东宫郡主(55)

杜检却露出了一个稍显暧昧的笑容:“心胸开阔不是因为大海,而是因为家中妻室人比花娇,像碧霄公子整日蹙眉,郡主娘娘你可知是为什么?”

还没等崔绿映回答,杜检便笑睨着她道:“是因为妻子陋颜啊!”

崔绿映这才知道他是在调侃她,白了他一眼,又转向桑涤江,较真地问:“你也同他一样,觉得我貌丑?”

桑涤江眼中笑意一闪而过,故作正经道:“这从何说起?郡主姿容绝丽,纵粗服乱头,亦不掩国色。”

她这才满意地点了点头。谁知杜检接着说道:“你可知他为何说你粗服乱头,你知不知道你的发髻散了啊?”

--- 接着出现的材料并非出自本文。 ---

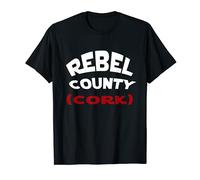 Funny Rebel County Cork gift tshirt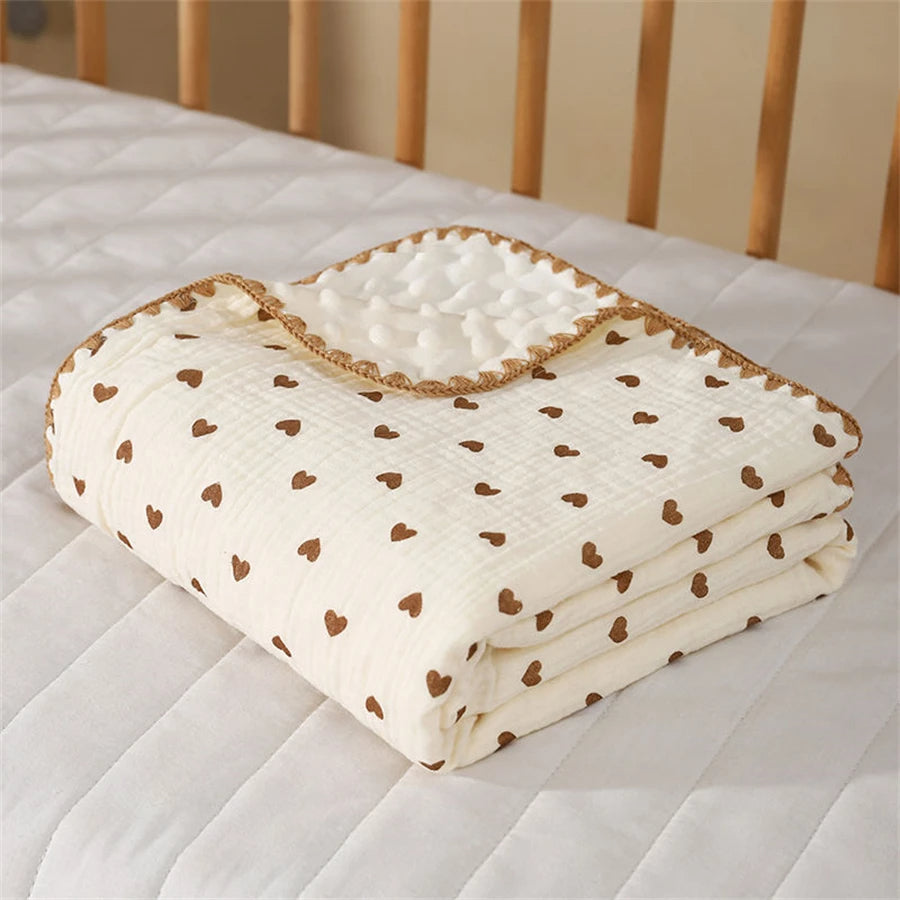 couverture chaude bebe cœur respirante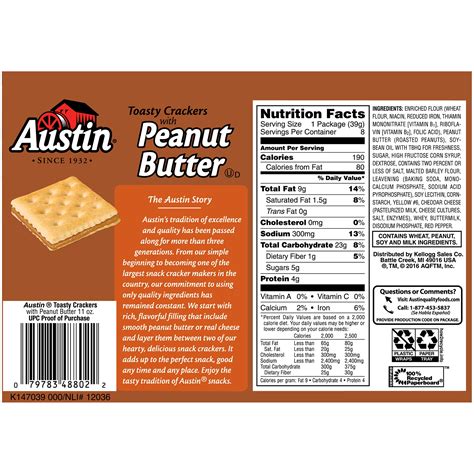 peanut butter and cracker diet.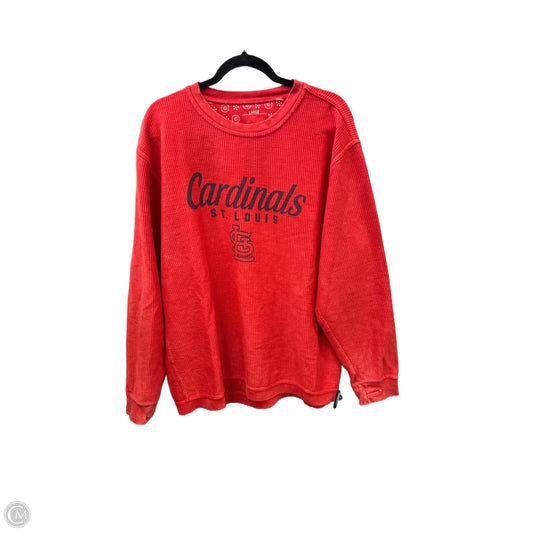 Top Long Sleeve By Clothes Mentor In Red, Size: L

她一边理着发髻,一边恶狠狠地瞥了桑涤江一眼,桑涤江眼中笑意更甚。

杜检这才从袖中取出一个匣子,递到她面前,问道:“郡主可识得此物?” 

崔绿映接过来,一眼便看到簪子上“珍珍”二字,激动地说:“这是我当年送给丰织的那只簪子,如何到了你手中,莫非……莫非是你救下了她?”

桑涤江含笑道:“原来丰织姑娘便是尊夫人。”

她这才上下打量着杜检:“丰织她嫁给你了?这世道可真是奇妙,就跟话本子似的,当年她还信誓旦旦说绝不可能嫁给你这样的人。”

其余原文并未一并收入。